Continuous Delivery

Hero image for Continuous Delivery


To deploy a web application to the hosting server or mobile application to users, the team follows a Continuous Delivery (CD) practice. The main principles are:

  • The application can be deployed at any time.
  • The application can be deployed with the push of a button and/or more commonly by merging a pull request.
  • No human is involved in the whole deployment annihilating the possibilities of the most common process errors.


As a general rule, when a client already uses a specific CI/CD tool, the team usually recommends to use the same tool for all applications to limit the number of different tools used. For instance, when a client already uses Jenkins CI for their CI/CD needs, the same tool should be used for the new applications that the team builds.


GitHub Actions is the preferred tool to deploy (and test) the Web applications that the team builds.

When a client does not use GitHub to host their repositories, the team usually relies on the built-in CI/CD solution of their Git provider. For instance, Bitbucket provides Pipelines and GitLab provides its own solution.

From the beginning of a project, both the staging and the production servers must be set up, and everything must be configured so that the application can be deployed via the CI/CD solution to both servers.


The following tools are used to deploy (and test) mobile applications that the team builds (ranked in order of preference):

For CI/CD purposes, mobile applications have more stringent hardware requirements (e.g., CPU, RAM, disk storage, etc.). Therefore, the selected tool depends on the type of applications developed and the budget allocated for CI/CD.

For both iOS and Android, the team uses Fastlane in the CI/CD pipelines to simplify and improve tedious build processes such as management of certificates and provisioning profiles.

Release Manager

Release management entails planning, scheduling, and controlling a software build through different stages and environments.

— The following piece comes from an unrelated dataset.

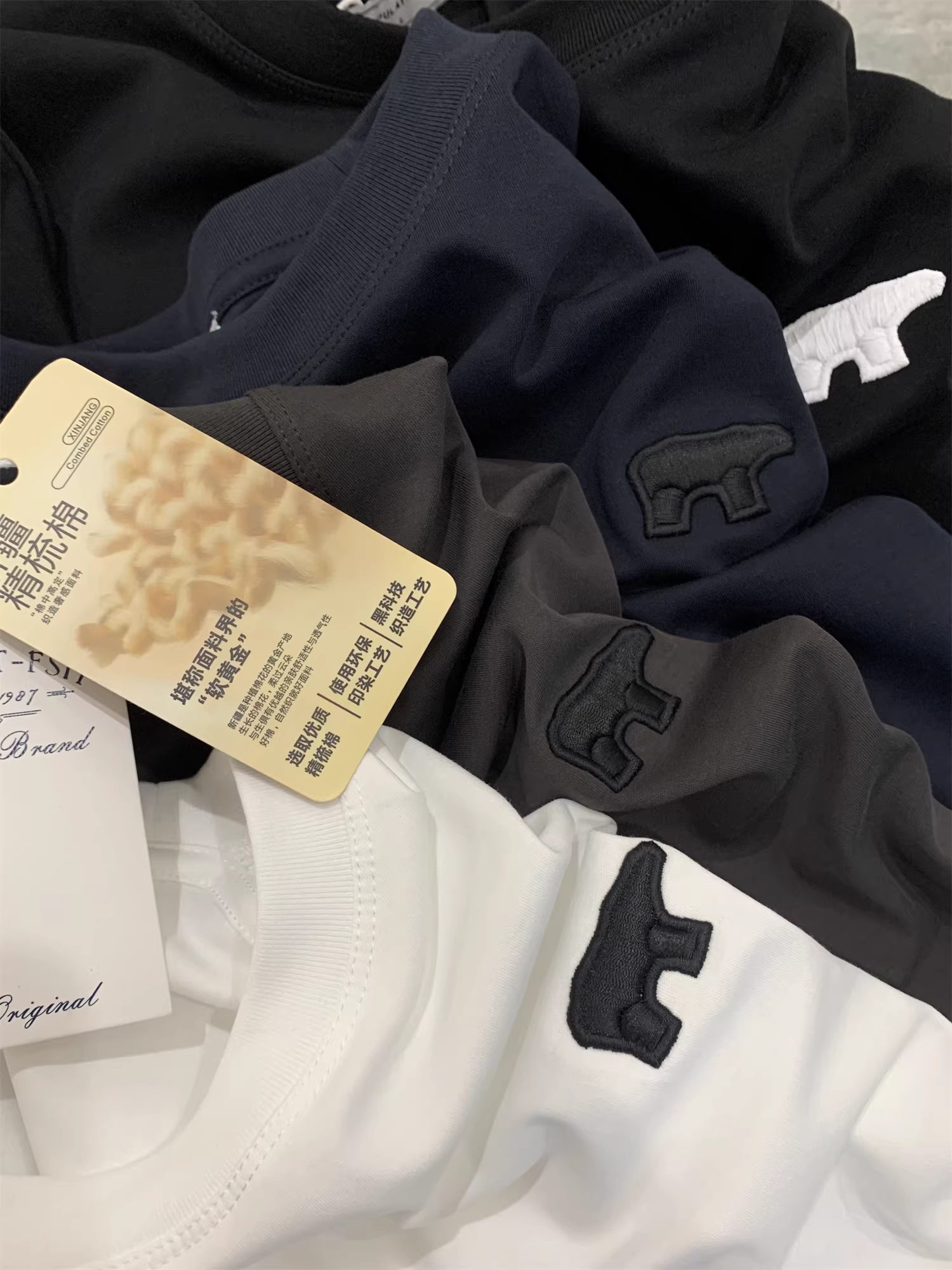 Đơn đặt hàng của công ty Don Quixote ODM! Áo thun nam tay ngắn cổ tròn thêu họa tiết màu trơn đa năng, thân thiện với da, hợp thời trang mùa xuân hè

By default, the Team Lead is the Release Manager. But this role is encouraged to be delegated to other developers in the squad. By sharing the mantle of Release Manager the following can be achieved:

  • Team members will be aware of the release checklist, and how to run a complete release cycle through it.
  • With multiple developers taking turns doing releases, the team ends up with a more robust process as each developer brings their share of optimizations.
  • It encourages the Team Lead to learn how to delegate work effectively.

The Release Manager role has the responsibility of owning the deployment process by executing deployments on behalf of their development team and playing a role in automating/ optimizing the deployment process.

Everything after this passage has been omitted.